Referenced by mx::sigproc::linearPredictor< _realT >::calcCoefficients().

◆ eigenSYEVR()

template<typename cvT , typename calcT >
MXLAPACK_INT mx::math::eigenSYEVR ( Eigen::Array< calcT, Eigen::Dynamic, Eigen::Dynamic > &  eigvec,
Eigen::Array< calcT, Eigen::Dynamic, Eigen::Dynamic > &  eigval,
Eigen::Array< cvT, Eigen::Dynamic, Eigen::Dynamic > &  X,
int  ev0 = 0,
int  ev1 = -1,
char  UPLO = 'L',
syevrMem< calcT > *  mem = 0 
)

Calculate select eigenvalues and eigenvectors of an Eigen Array.

Uses the templateLapack wrapper for syevr.

Template Parameters
cvTis the scalar type of X (a.k.a. the covariance matrix)
calcTis the type in which to calculate the eigenvectors/eigenvalues
Returns
-1000 on an malloc allocation error.
the return code from syevr (info) otherwise.
Parameters
[out]eigvecwill contain the eigenvectors as columns
[out]eigvalwill contain the eigenvalues
[in]Xis a square matrix which is either upper or lower (default) triangular
[in]ev0[optional] is the first desired eigenvalue (default = 0)
[in]ev1[optional] if >= ev0 then this is the last desired eigenvalue.
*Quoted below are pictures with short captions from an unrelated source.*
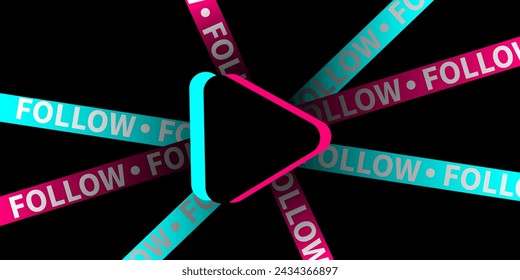 Follow. Abstract symbol in the style of a popular social network. Flat style.  Vector illustration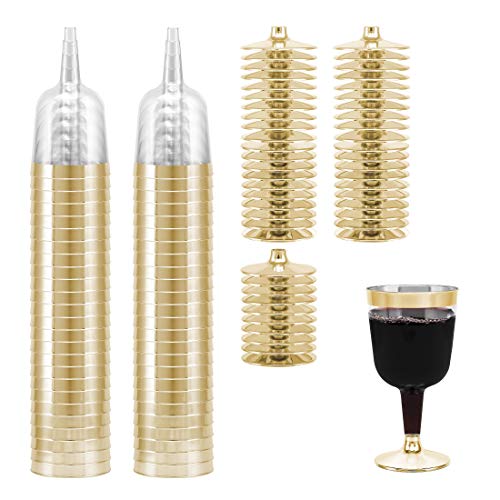 50 Gold Rimmed Disposable Wine Glasses 7 Oz. Premium Clear Hard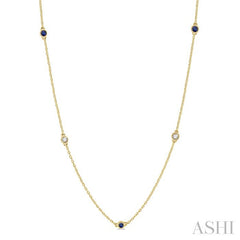 2.6 MM Sapphire and 3/8 Ctw Round Cut Diamond Precious Station Necklace in 14K Yellow Gold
If -1 all eigenvalues are returned.
[in]UPLO[optional] specifies whether X is upper ('U') or lower ('L') triangular. Default is ('L').
[in]mem[optional] holds the working memory arrays, can be re-passed to avoid unnecessary re-allocations

Definition at line 141 of file eigenLapack.hpp.

◆ eigenSYRK()

template<typename eigenT1 , typename eigenT2 >
void mx::math::eigenSYRK ( eigenT1 &  cv,
const eigenT2 &  ims 
)

Calculates the lower triangular part of the covariance matrix of ims.
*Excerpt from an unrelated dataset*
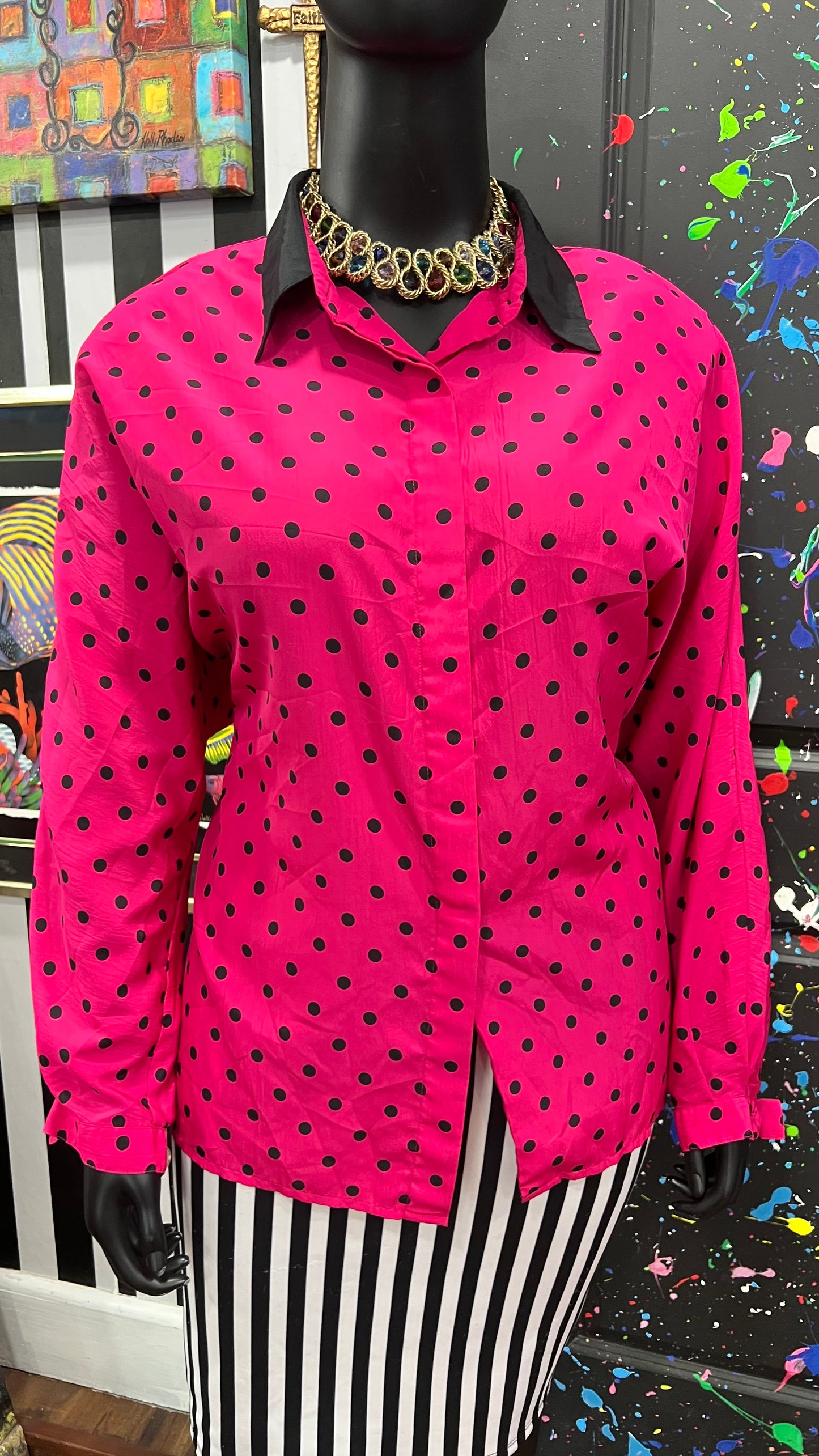Vintage Pink & Black 80s Long Sleeve Blouse (22W)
Uses cblas_ssyrk. cv is resized to ims.cols() X ims.cols(). Calculates \( cv = A^T*A \).

Template Parameters
eigenT1is the eigen matrix/array type of cv.
eigenT2is the eigen matrix/array type of ims
Parameters
[out]cvis the eigen matrix/array where to store the result
[in]imsis the eigen matrix/array (images as columns) to calculate the covariance of

Definition at line 65 of file eigenLapack.hpp.

Referenced by mx::improc::KLIPreduction< _realT, _derotFunctObj, _evCalcT >::worker().